The markets have already priced in the quantitative easing that the European Central Bank is expected to do next week and he doesn’t think it will be very powerful, David Malpass, president of Encima Global, told CNBC Wednesday.
Therefore, he believes the markets are entering a phase of global rebalancing.
“People will get tired of just being in the U.S. and will take a look at some of the emerging markets, oil, the euro and so on,” Malpass said in an interview with “Closing Bell.”
David Hale, chairman of David Hale Global Economics, agrees the market has been discounting the anticipated QE for several weeks.
“Bond yields in Europe are at record low levels. Leaving aside the last few days, stock markets have been resilient. So I do think the expectation of this happening is now broadly in the market because of both comments by [ECB President Mario] Draghi and other members of the monetary policy council.”
Hale expects a “decent” amount of QE but said he doesn’t think it will work well enough to be stimulative.

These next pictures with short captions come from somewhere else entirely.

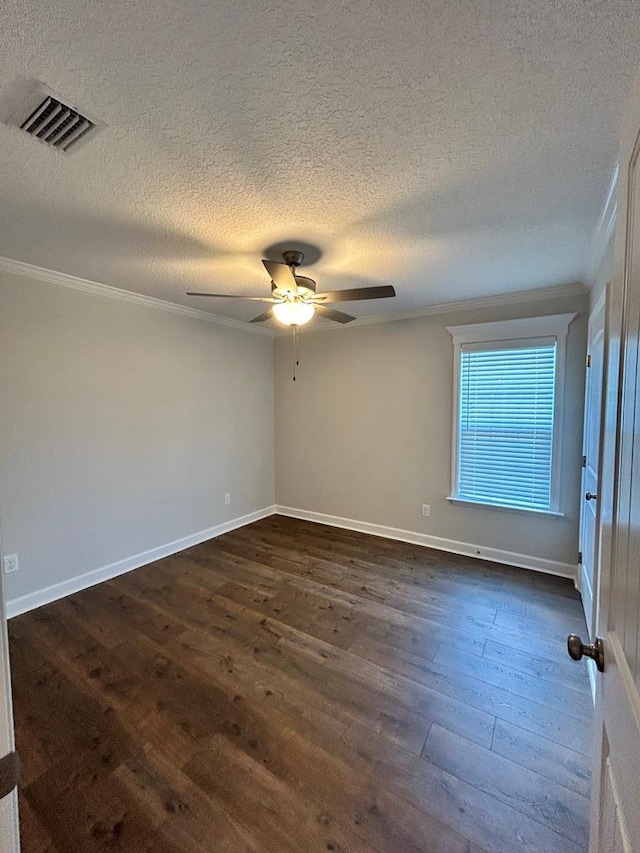 unfurnished room with a textured ceiling, crown molding, ceiling fan, and dark wood-type flooring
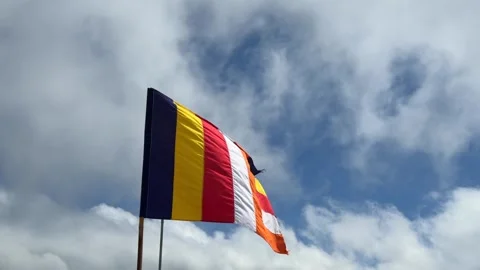 Buddhist flag waves on a tall pole against a cloudy sky, its bright stripes Stock Footage 327460300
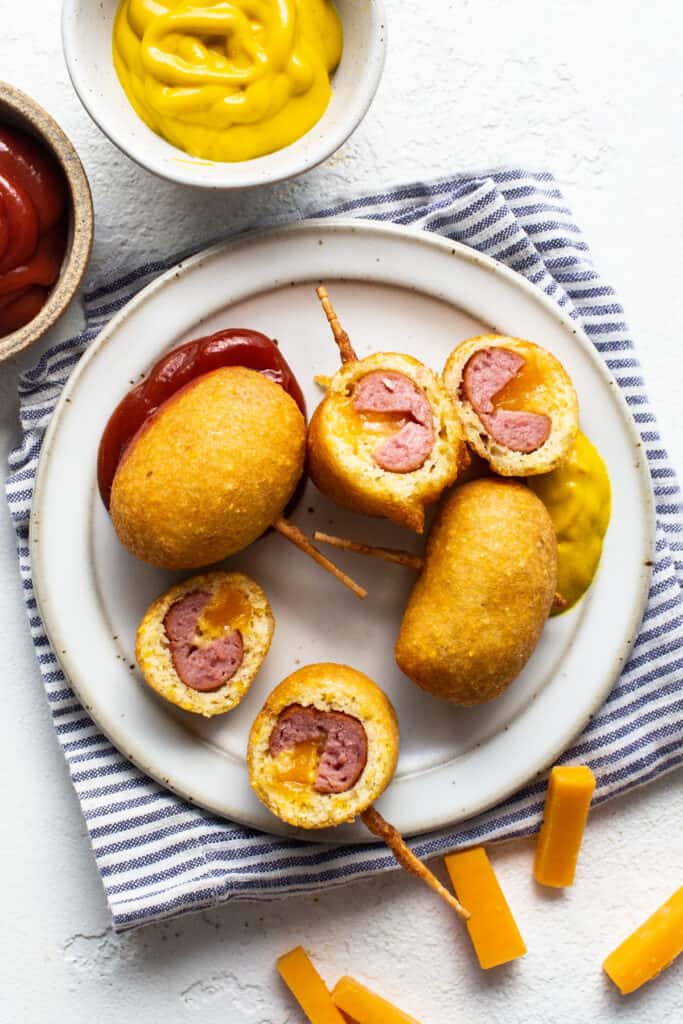 Hot dog on a stick with ketchup and cheese on a plate.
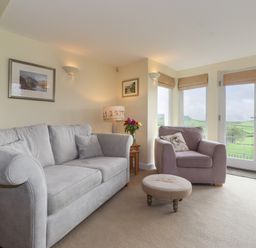 A living room with a grey sofa armchair round footstool side table lamp and flowers at Chase View Bowland Bridge near Bowness-On-Windermere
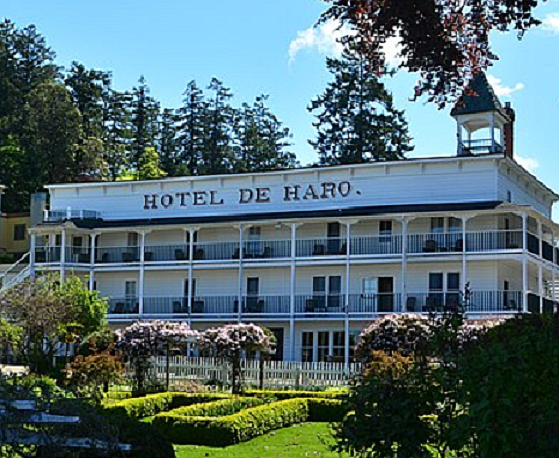 The historic Hotel de Haro sits amongst a formal garden overlooking the village and scenic Roche Harbor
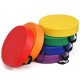Multicolor 15-inch round toddler floor cushions with ergonomic handles, perfect for kids' comfort and color recognition.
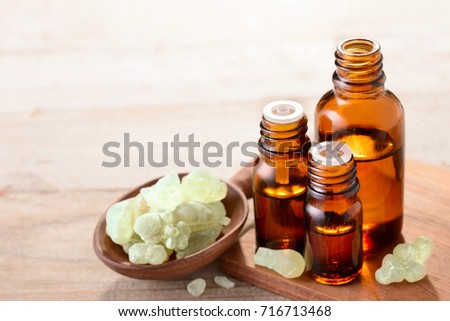 Сток-фото: A Bottle Of Frankincense Essential Oil With Frankincense Resin Crystals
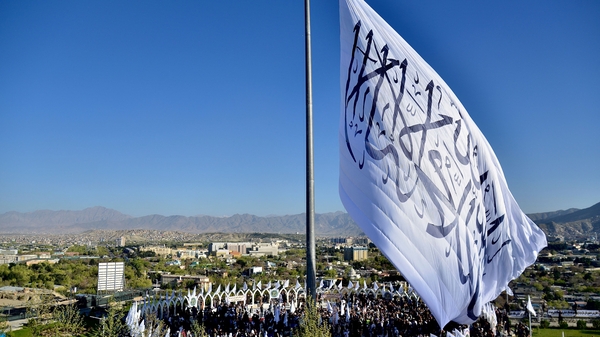 A giant Taliban flag is hoisted on the Wazir Akbar Khan hill in Kabul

“The bond yields are already low, and remember the ECB is going to finance all those bond purchases with bank financing,” he said. “In the U.S., 18 percent of bank assets are stuck at the Fed, dead money. So it’s not really a good move for Europe that’s going to cause stimulus.”
Malpass thinks the stimulus will be $500 billion euros.
“The primary impact will come through a falling currency,” he said.
He thinks the euro could drop to 1.1 against the U.S. dollar and “if things get bad enough going out six months or nine months, it might even be parity with the U.S. dollar.”